PEZY Computing
- Industry: CPU design
- Founded: 2010
- Headquarters: Tokyo, Japan
- Website: pezy.co.jp

= PEZY Computing =

Japanese fabless computer chip designing company

PEZY Computing is a Japanese fabless computer chip design company specialising in the design of manycore processors for supercomputers.

==History==
PEZY Computing was founded in 2010 and is headquartered in Tokyo, Japan. The name "PEZY" is an acronym derived from the Greek metric prefixs peta-, exa-, zetta-, and yotta-.

The company develops manycore processors for high-performance computing. Its first processor, the PEZY-1, was introduced in 2012, followed by the PEZY-SC, launched 2014.

In 2015, computers using PEZY processors occupied the top three positions on the Green 500 supercomputer list.

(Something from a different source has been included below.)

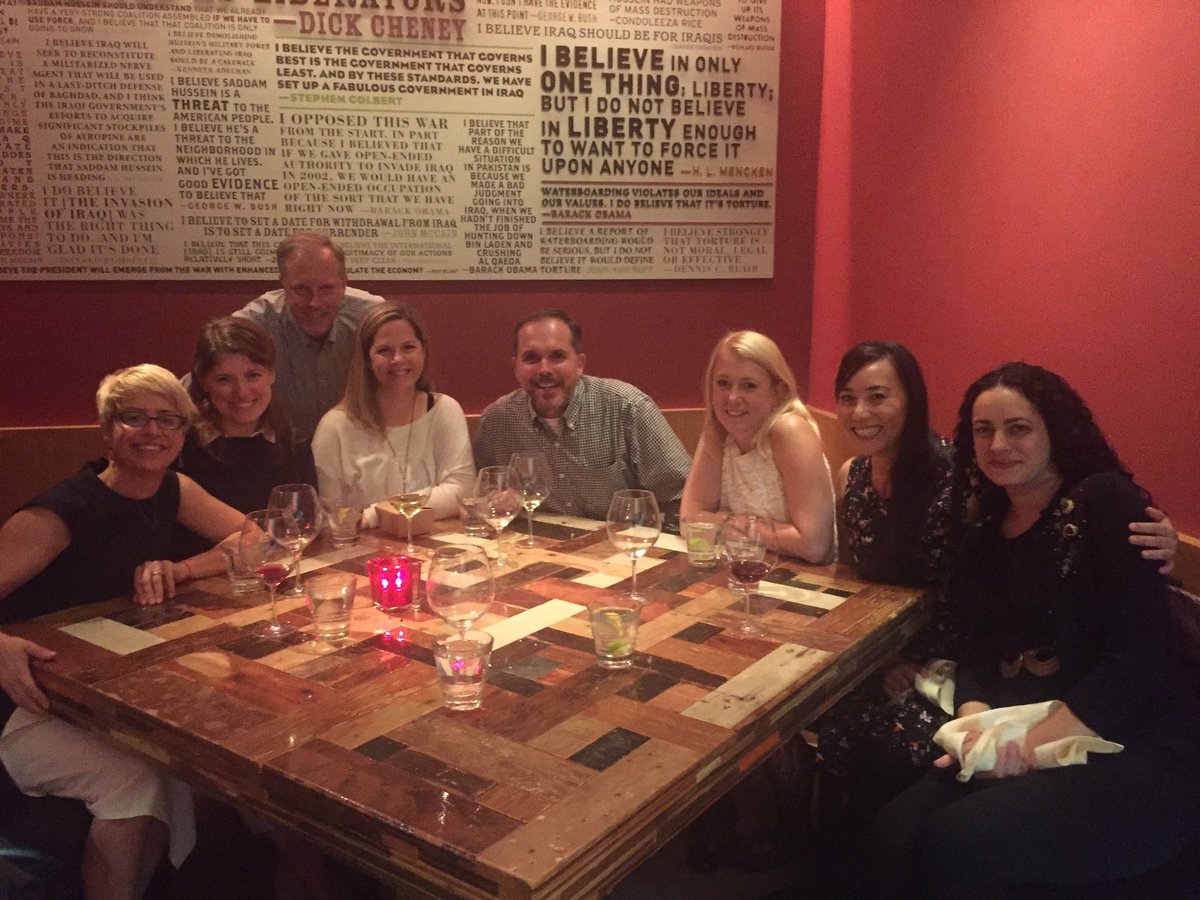 emeryim's tweet photo. Another fantastic #netnine @SFIABC dinner at @credorestaurant https://t.co/zU2qiN3kLh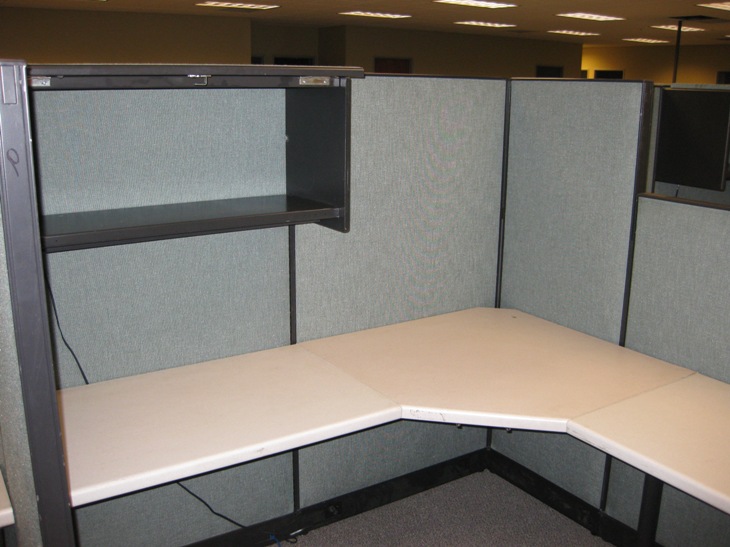 tall panel workstation cubicle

One of the most efficient being RIKEN's Shoubu computer with 7.03 GFLOPS/Watt.

The company has collaborated with other technology firms, including a 2016 partnership with Imagination Technologies to integrate MIPS-based CPUs with PEZY's manycore processors for high performance computing applications.

In early 2017, the PEZY-SC2 chip was launched. In November 2017 the Gyoukou supercomputer was unveiled, incorporating PEZY-SC2 chips.

In December 2017, president Motoaki Saito, and employee, Daisuke Suzuki, were arrested on fraud charges related to inflated expense claims submitted to Japan's New Energy and Industrial Technology Development Organization (NEDO). Subsequent investigations identified additional improperly obtained subsidies, and in 2018 Suzuki received a suspended prison sentence for his involvement.

On 21 December 2022, PEZY began a partnership with proteanTecs based out of Israel.